◆ GIVEN INFORMATION ◆

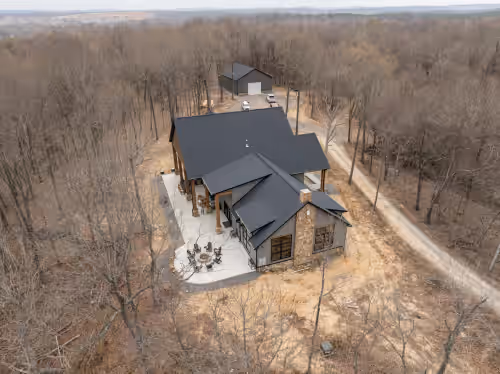 Exterior at Scenic River Front Lodge With A Fire Pit And Outdoor Kitchen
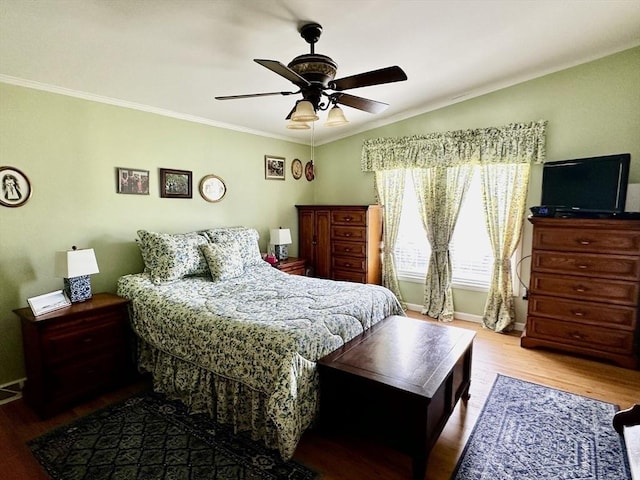 1408 Fox Run, Middleboro, MA 02346 - bedroom with wood finished floors, ornamental molding, and ceiling fan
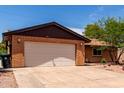 Close up of the attached single car garage and drought resistant landscaping at 4420 E Covina St, Mesa, AZ 85205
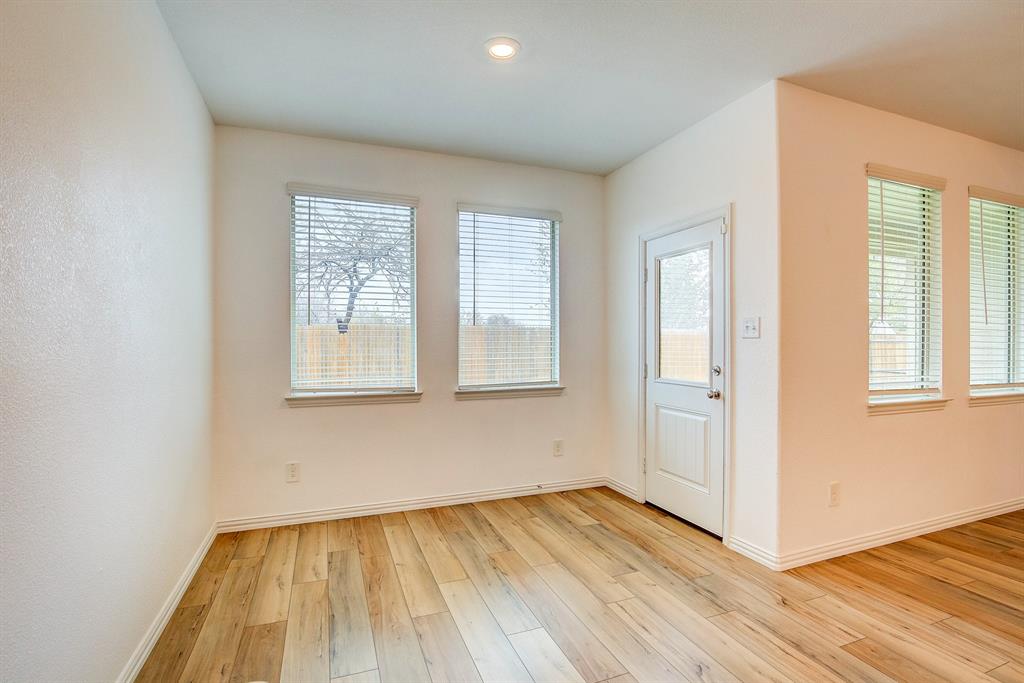 532 Ranchito Pass Haslet, TX 76052 - Photo 15 of 38 an empty room with wooden floor and windows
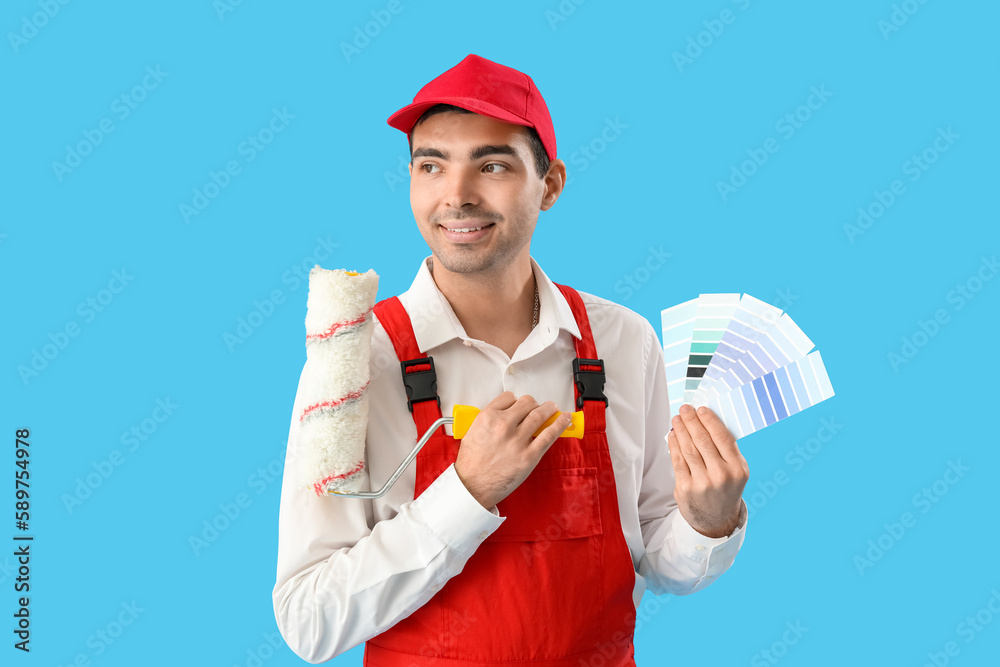 Male painter with color palettes and roller on blue background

◆ TASK ◆
The lines from the one containing "1408 Fox Run, Middleboro, MA" to the last line of the records, both included: print exactly those and nothing else, leaving out any pictures.

◆ ANSWER TO THIS EXERCISE ◆
 1408 Fox Run, Middleboro, MA 02346 - bedroom with wood finished floors, ornamental molding, and ceiling fan
 Close up of the attached single car garage and drought resistant landscaping at 4420 E Covina St, Mesa, AZ 85205
 532 Ranchito Pass Haslet, TX 76052 - Photo 15 of 38 an empty room with wooden floor and windows
 Male painter with color palettes and roller on blue background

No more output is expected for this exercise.